**Problem to work on**
Exactly as written, copy every line from the one containing "Militaria Schweiz Soldaten Wald" through the end of the records, with the pictures left out.

----- Data

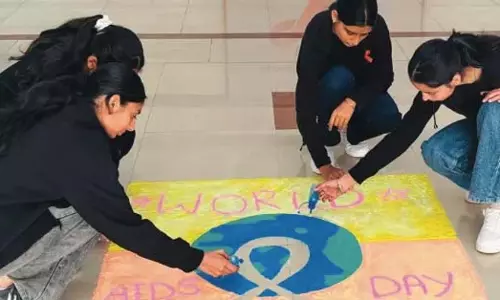 आर्यन्स में विश्व AIDS दिवस पर कार्यक्रम आयोजित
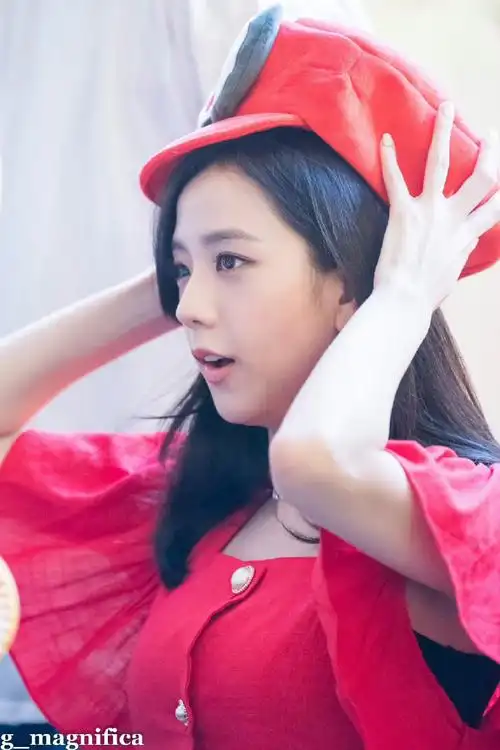 kimjisoo超话#金智秀#【金金的那年今日】180708 汝矣岛签售会可爱狗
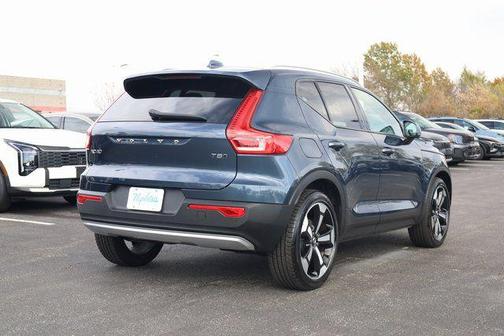 2021 Volvo XC40 T5 Momentum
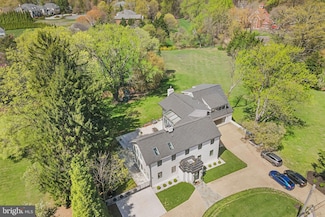 1134 Towlston Rd, Great Falls, VA 22066
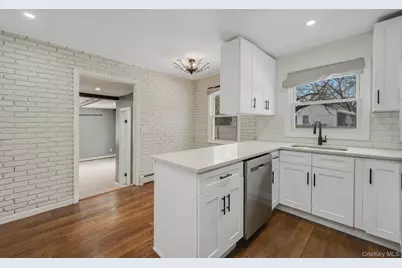 340 Westchester Avenue, West Babylon, NY 11704 - Photo 12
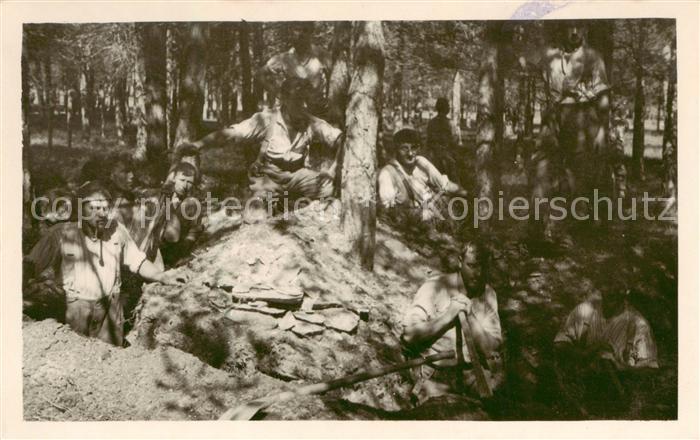 Militaria Schweiz Soldaten Wald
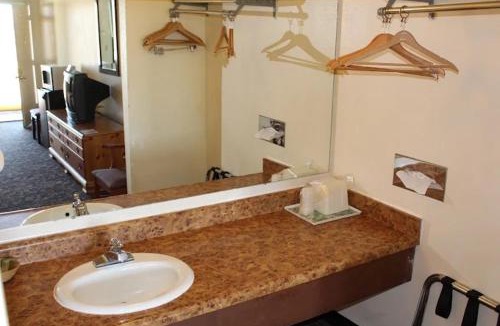 Craig Hotel | Travelers Inn & Suites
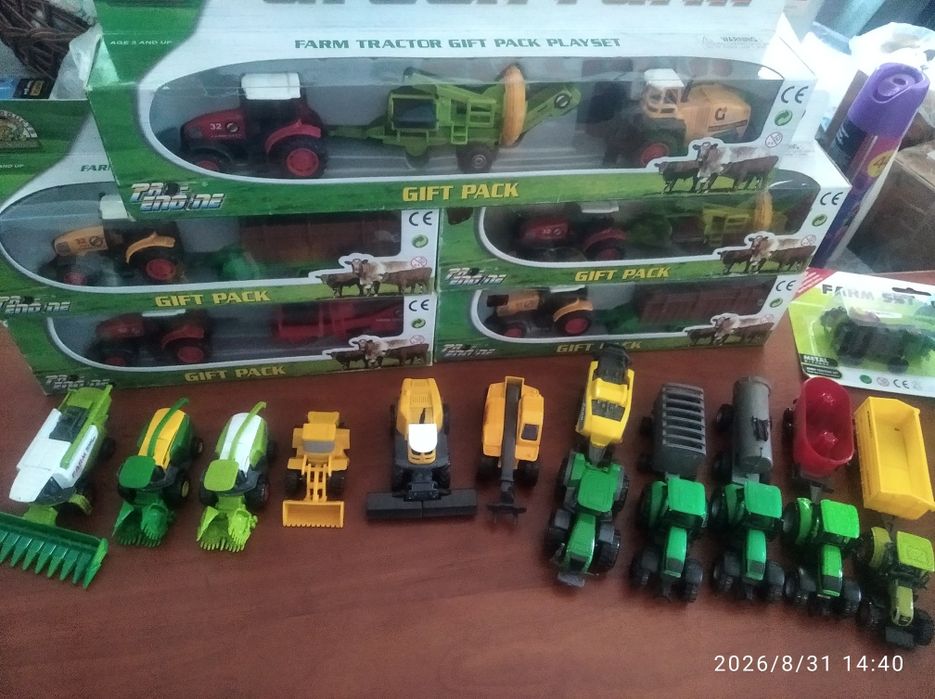 різні моделі тракторів і комбайнів моделі 1:87 ,1:64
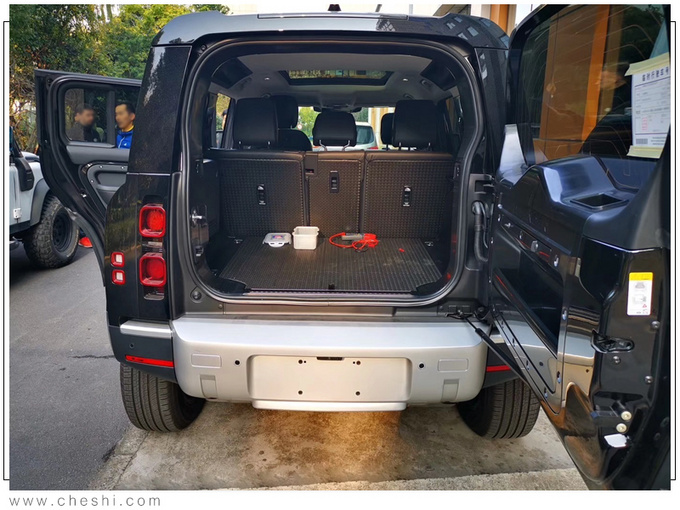 路虎全新卫士现身国内 奔驰大G的对手明年上市-图5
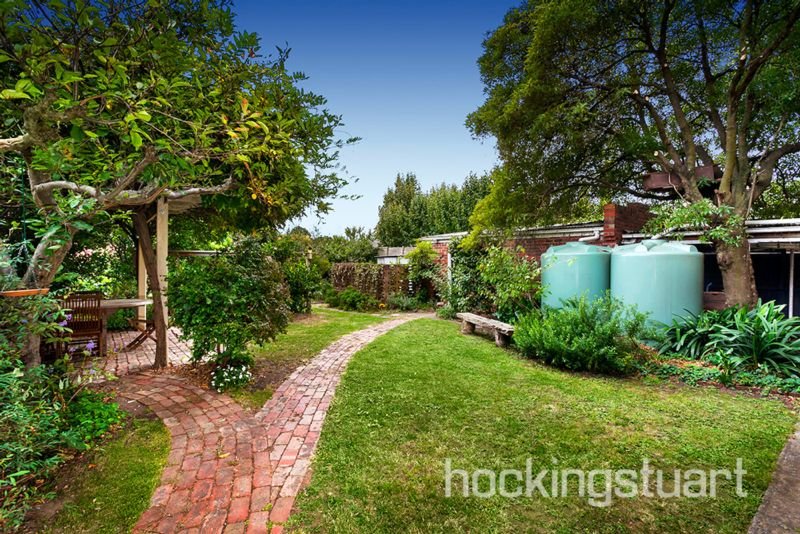 6 Abassia Street, Balwyn North image 9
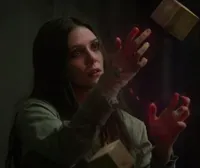 FOTO: Ini Dia Fakta si Cantik Scarlet Witch Yang Harus Kamu Tahu!
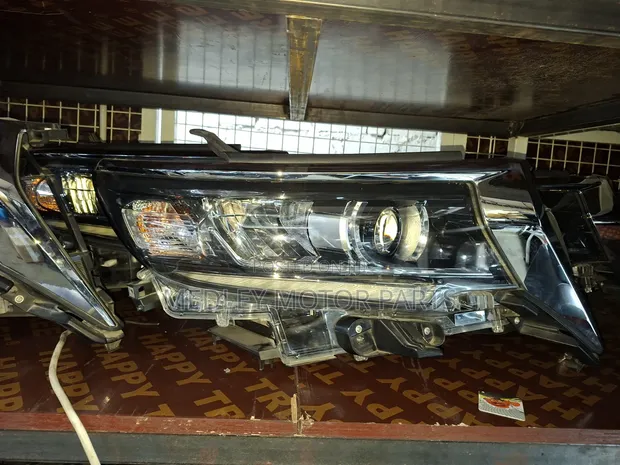 Landcruiser Prado Mfululizo wa J165 Mwanga wa Kichwa - 1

----------

**Written response**
 Militaria Schweiz Soldaten Wald
 Craig Hotel | Travelers Inn & Suites
 різні моделі тракторів і комбайнів моделі 1:87 ,1:64
 路虎全新卫士现身国内 奔驰大G的对手明年上市-图5
 6 Abassia Street, Balwyn North image 9
 FOTO: Ini Dia Fakta si Cantik Scarlet Witch Yang Harus Kamu Tahu!
 Landcruiser Prado Mfululizo wa J165 Mwanga wa Kichwa - 1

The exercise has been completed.